And what do you get for your $80?
Well bugger-all actually.
You get a measly 256/128K service that is only just fast enough to qualify
as broadband and would not seriously be considered such in any other
1st-world nation.
You also get a miserly 1 GB of data -- an absolute joke -- that's barely
15 minutes of full-speed use per day.
Compare this to what's on offer in the USA. An Aardvark reader recently
posted a link to this page in
the aardvark forums.
Shocking isn't it?
You don't see anything less than a 5Mb/2Mb service there and it costs just
NZ$61.50 per month with *NO* data caps and a data-modem as part of the deal.
But NZ's a small country and we don't have the economies of scale so it's
unfair to expect Telecom to offer equivalent pricing right?
Well wrong actually.
Let's not forget that the taxpayer is currently subsidising Telecom's DSL
expansion to a huge extent right now so they're in an even more enviable
position than Verizon when it comes to the cost of creating a DSL network.

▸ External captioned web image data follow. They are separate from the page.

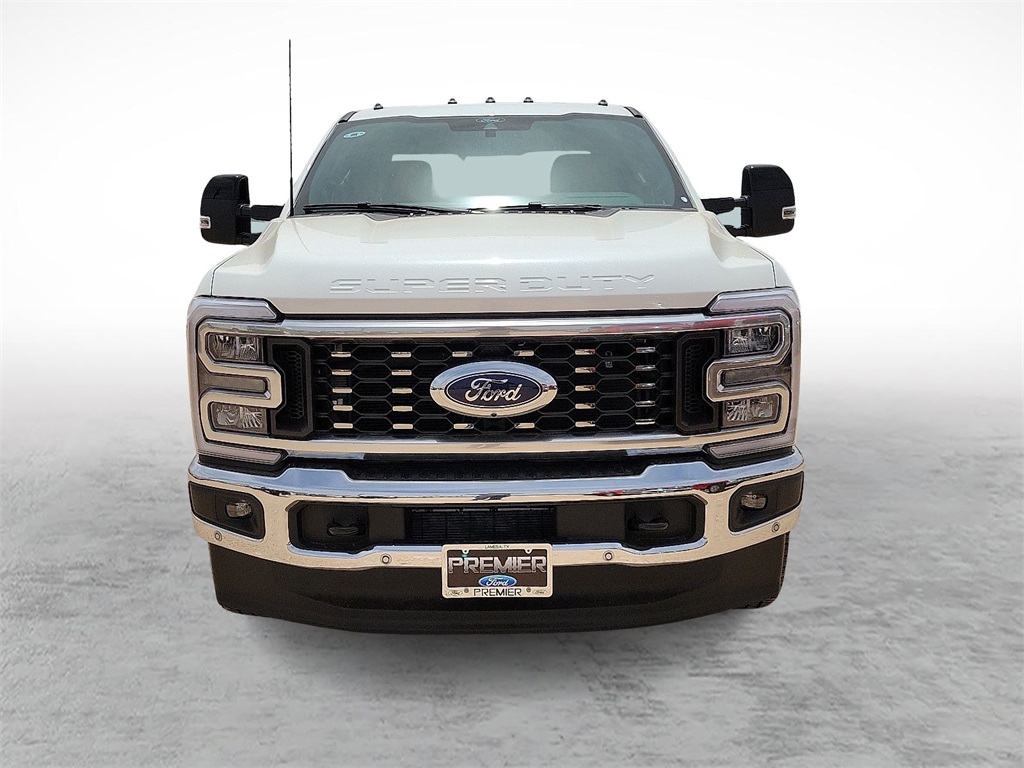 2025 Ford F-350 XL photo 3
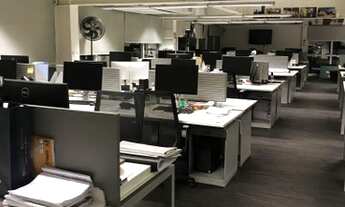 Imagem 7: COMERCIAL - PINHEIROS - SP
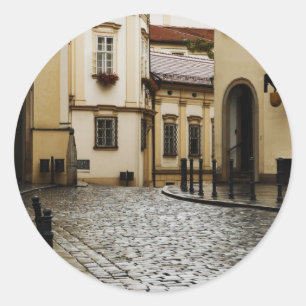 Adesivo Brno, República Checa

I'm also informed that DSL broadband pricing is not much higher even in smaller
more geographically remote US towns and cities -- and this is still without
taxpayer subsidies.
Take a look at this discussion
for more about how NZ's broadband deals stack up.
I'm sorry but I believe the taxpayer is being ripped off by the current Project Probe
funding system.
What we have now is not to dissimilar to buying a house for your landlord and
then having to pay him rent in order to live in it.
Surely, if the taxpayer is going to stump up with millions to help pay for
plant and equipment that becomes the property of Telecom, we should be entitled
to recover some of that money by way of a reduced DSL pricing regime that
offers at least some parity with other first-world countries.